LM: Your works seems to display a sense of the world as a place of inscrutability. There’s an emphasis, let’s just say, on mystery. Again, this goes back to the notion of the realistic novel, which emerged in the eighteenth century during the age of a world where everything can be explained. In your work I never get that sense. There’s always that respect for ambiguity.
LM: There’s that incredible moment in The Stain when Charlotte’s father comes home to find his wife about to give birth and that moment of horror. That scene struck me as one of the most powerful moments in your work. It seemed to embody that fear of the feminine, the fear of mystery, the fear of, of everything that that represented—the blood, the birth, the vagina, the mystery. All these things seem to come together right at that moment.

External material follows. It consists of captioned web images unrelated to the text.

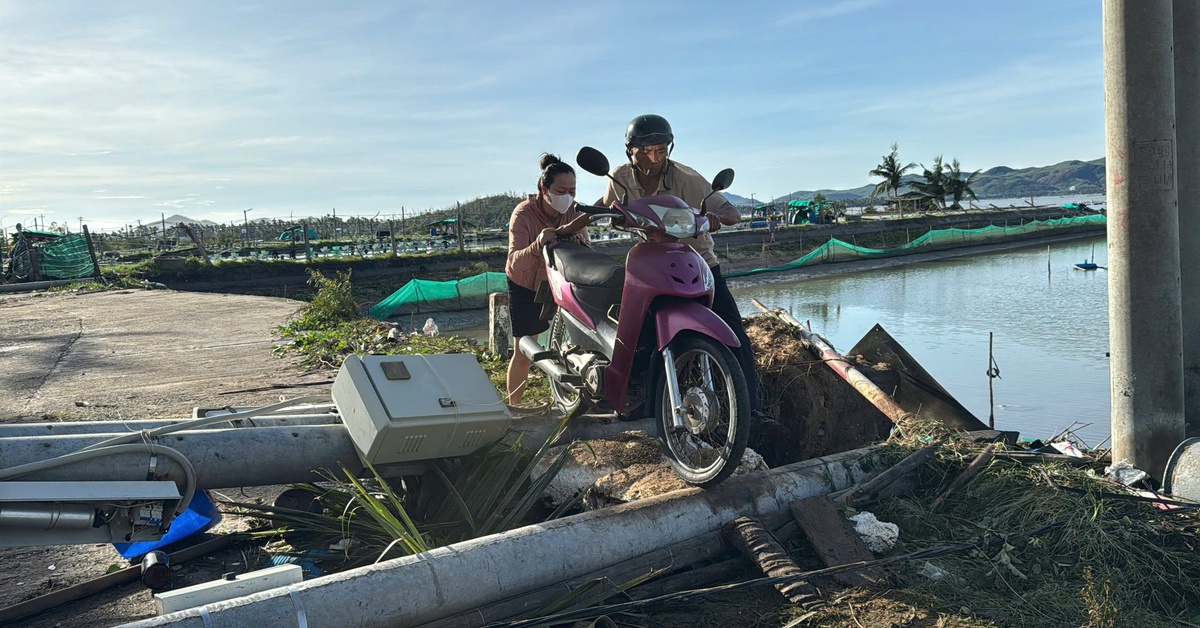 Đắk Lắk: Hàng vạn lồng bè nuôi cá, tôm bị phá hủy hoàn toàn do bão Kalmaegi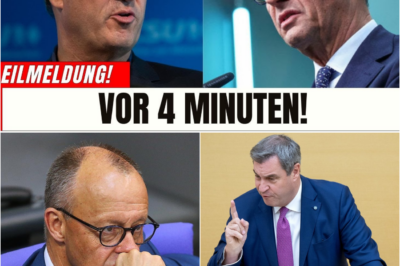 Der große Bruch: Merz’ knallharter U-Turn – Warum Sozialabgaben auf Kapitalerträge den deutschen Sparer verraten und die Politik unglaubwürdig machen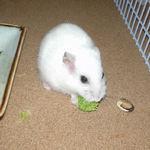 ブロッコリーを食べるアイ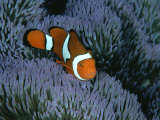 A Clown Anemonefish of the Western Pacific on Sea Anemone Tentacles Stampa fotografica di Wolcott Henry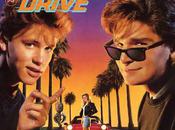 License Drive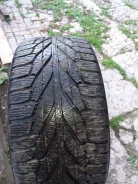 Constancy. �����������, 2021 ���, �/�, ����� 10 % ����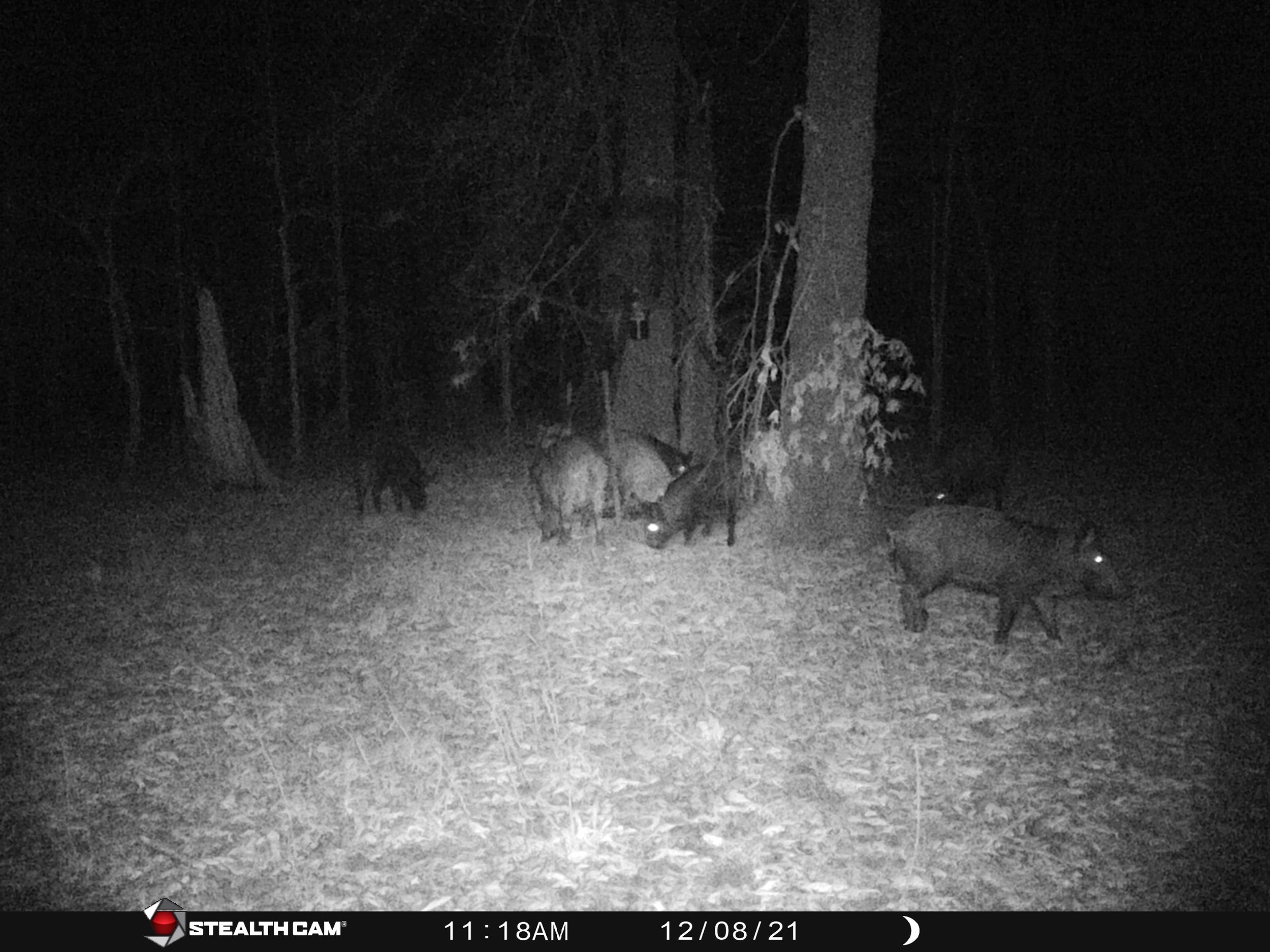 Texas Hog Hunting Packages — Wild Hawg Outfitters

RD: Exactly. Charlotte’s father is a hunter; he’s been out in the woods reducing life to a bone. He exemplifies the lie that because things die (or can be “seized” or soiled) they have no intrinsic value—a profoundly fascist idea that broods at the heart of capitalism: nature and people reduced to marketable objects. Remember Robinson Crusoe and his endless list? He survived on his island only because an entire hardware store washed to shore.
LM: When I first read The Stain I was struck with how authentic these descriptions of life in this village were. Could you tell us a little bit more about this village you were living in and how the experience of living there might have affected your work? For example, did you actually start writing either The Butcher’s Tales or The Stain while you were living in that village?
RD: Yes, both those books were written in Le Puy Notre Dame. I was fascinated by village life, the seasonal chores imposed by wine growing, the customs, the superstitions, archaic political structures, and so on. We were living in the poorest section of the village among an uneducated peasantry. There were no television sets, washing machines, telephones, cars. For a time my husband was called upon to drive old people to funerals. My son grew up among children who could imitate the crowing of roosters and knock flies off the wall with a rubber band.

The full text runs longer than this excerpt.